== What is needed ==
What is needed is a faithful copy of all the entries, with no pictures in it.

== Records supplied ==
Segment Open
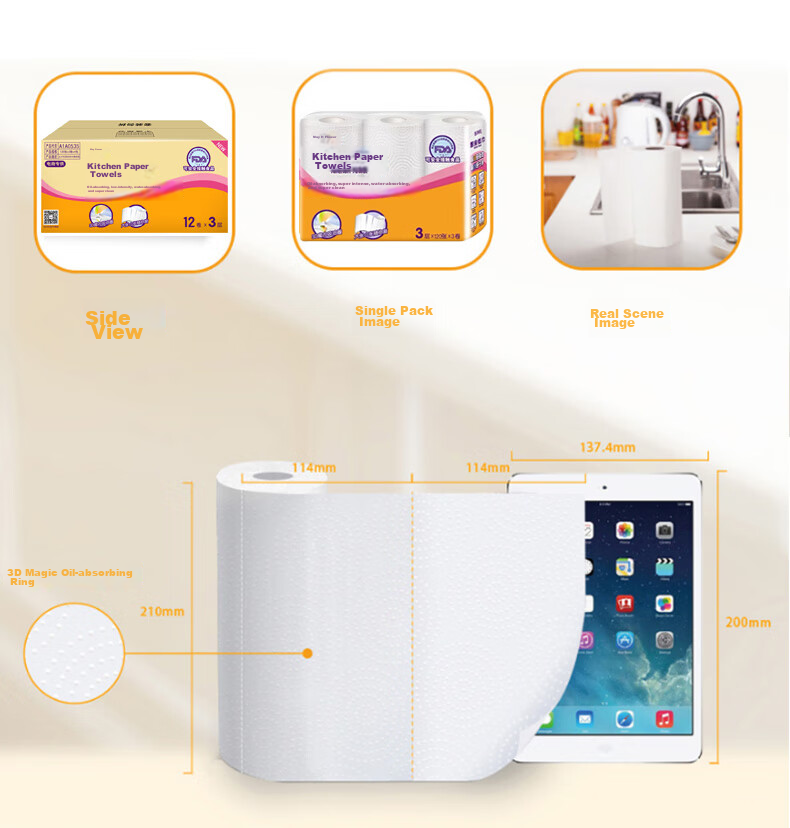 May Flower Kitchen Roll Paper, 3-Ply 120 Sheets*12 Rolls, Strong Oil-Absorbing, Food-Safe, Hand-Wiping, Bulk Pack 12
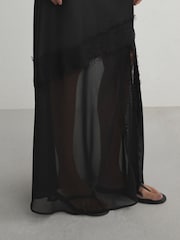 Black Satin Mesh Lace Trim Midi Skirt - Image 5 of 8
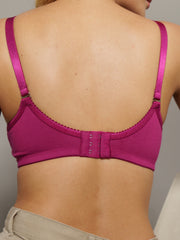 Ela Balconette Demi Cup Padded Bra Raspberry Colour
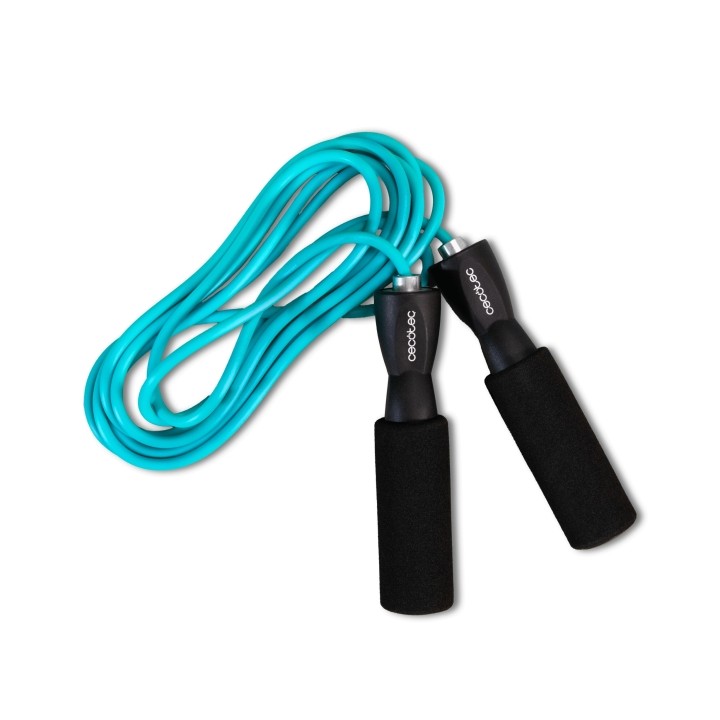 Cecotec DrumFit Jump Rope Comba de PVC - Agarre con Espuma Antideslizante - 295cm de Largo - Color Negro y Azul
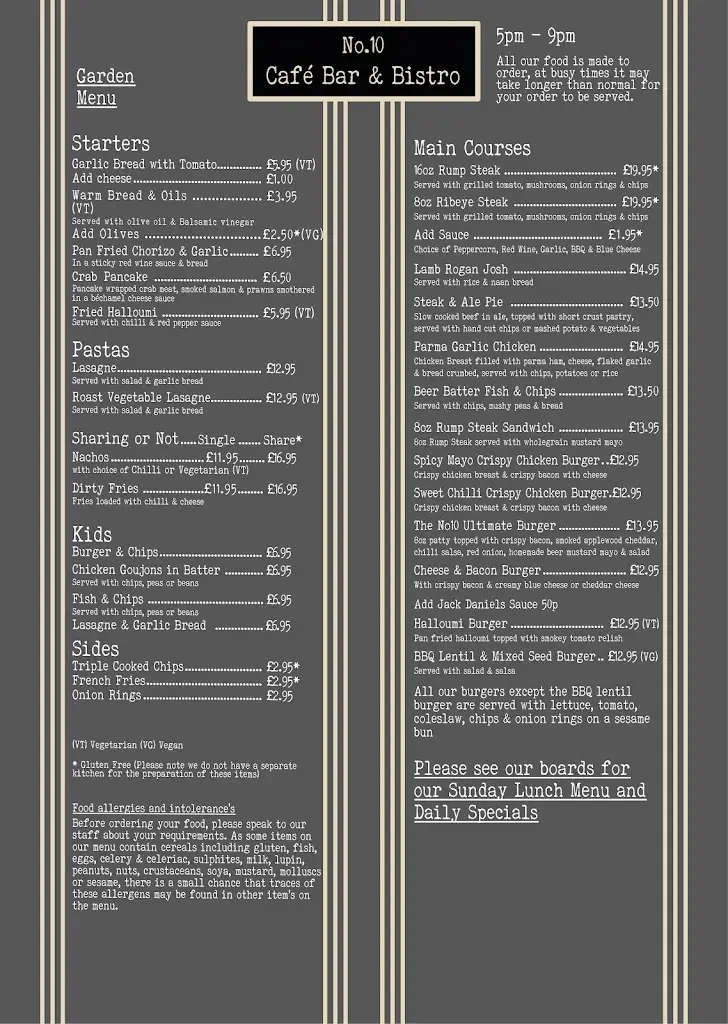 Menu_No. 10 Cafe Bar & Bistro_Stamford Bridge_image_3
Segment Closed
== Task response ==
 May Flower Kitchen Roll Paper, 3-Ply 120 Sheets*12 Rolls, Strong Oil-Absorbing, Food-Safe, Hand-Wiping, Bulk Pack 12
 Black Satin Mesh Lace Trim Midi Skirt - Image 5 of 8
 Ela Balconette Demi Cup Padded Bra Raspberry Colour
 Cecotec DrumFit Jump Rope Comba de PVC - Agarre con Espuma Antideslizante - 295cm de Largo - Color Negro y Azul
 Menu_No. 10 Cafe Bar & Bistro_Stamford Bridge_image_3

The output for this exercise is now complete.